The key implication of nexels is that high-quality novel view synthesis does not require dense geometry as previously assumed. Through efficient geometry-appearance decoupling and the selective application of neural textures, nexels deliver scalable scene representations optimized for both memory and compute, paving the way for real-time rendering in resource-constrained settings.

Practically, nexels enable novel view synthesis for large-scale environments and photorealistic applications where memory and render speed are critical, such as AR/VR, telepresence, and robotics. The modularity of the system, with its explicit geometry and shared neural texture, facilitates integration with ray tracing and level-of-detail schemes.

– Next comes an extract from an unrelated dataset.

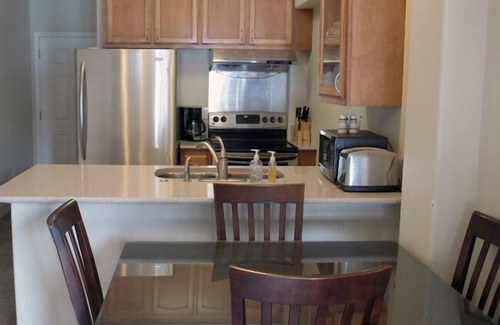 Port O Connor House | Waterfront Retreat: CASA O'CONNOR with Ocean Views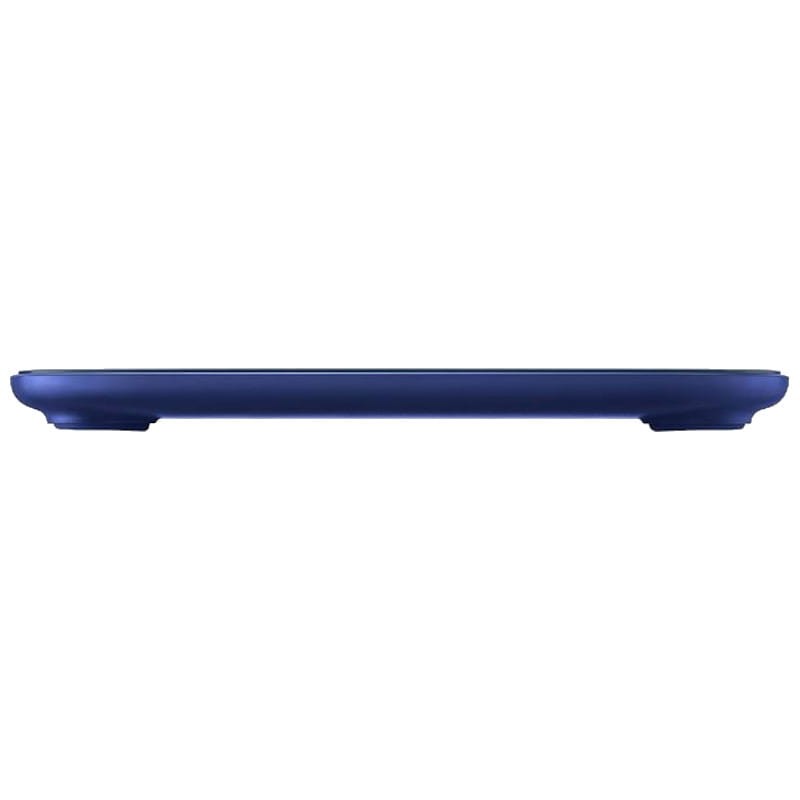 Báscula Realme Smart Scale Azul - Ítem2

From a theoretical standpoint, nexels demonstrate the utility of hybrid explicit/implicit field compositions and serve as a template for further research on sparse, differentiable rendering systems. The generalized Gaussian kernel presents new opportunities for surfel and primitive modeling, potentially extending to adaptive hierarchical schemes.

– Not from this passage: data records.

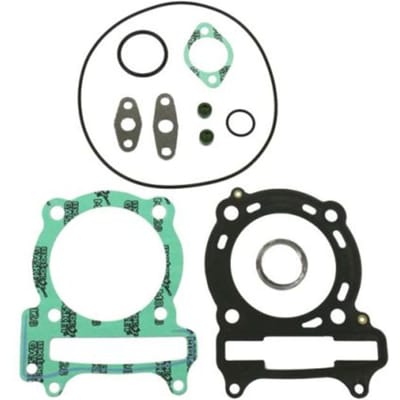 Motorpakkingset (boven) ATHENA P400210600180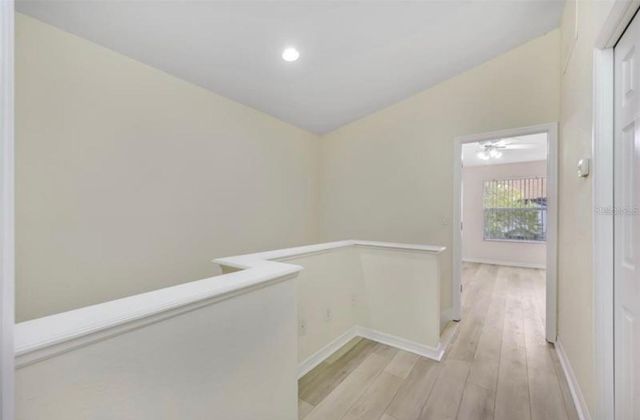 4337 HAR PAUL CIRCLE, Tampa, FL 33614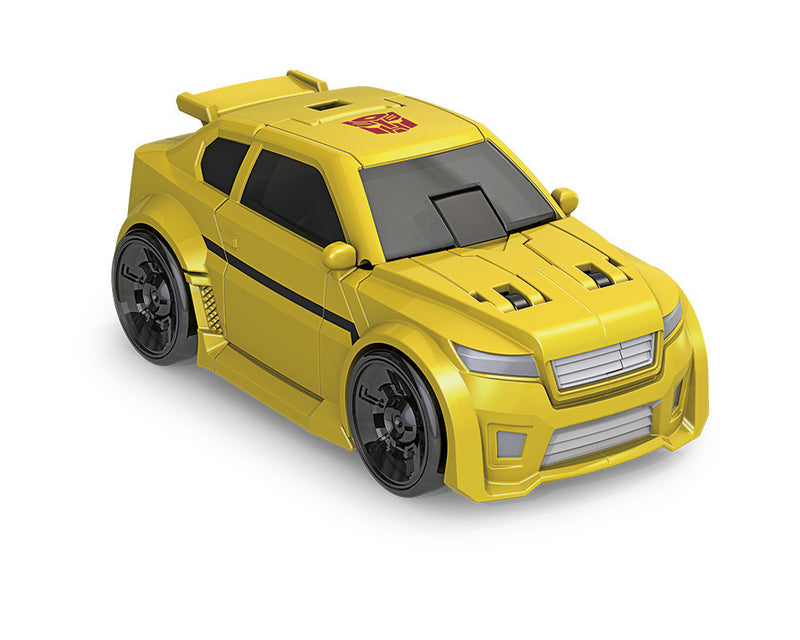 Load image into Gallery viewer, Transformers Generations Titans Return - Legends Class Wave 3 - Set of 2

Limitations and Future Directions

Despite their strengths, nexels are currently reliant on GPU tensor core acceleration for real-time neural texture computation, limiting low-end and mobile device viability. The neural field can introduce noise in unseen regions, in contrast to the blurring artifacts typical of point-based methods. Moreover, motion blur and depth-of-field effects remain unresolved, affecting reconstruction of fine details in photometric datasets.

Figure 5: Artifacts in unseen regions and under motion blur — neural field noise and reconstructive failures affecting text.

Figure 6: Geometric limitations; missing thin structures and incorrect background optimization at low primitive counts.

Future work may address these limitations through level-of-detail hierarchies, improved neural architectures for texture synthesis, and support for complex imaging conditions. The top-K selection scheme for textures may be extended to more sophisticated blending models and dynamic primitive selection.

Conclusion

Nexels present a resource-efficient, real-time solution for novel view synthesis, leveraging neurally-textured surfels to decouple geometry and appearance. Experimental results establish strong performance at drastic reductions in primitive count and memory, with implications for scalable, photorealistic scene modeling. Nexels suggest a paradigm shift towards sparse, hybrid representations within differentiable rendering, with promising avenues for extension in large-scale and domain-adaptive scenarios.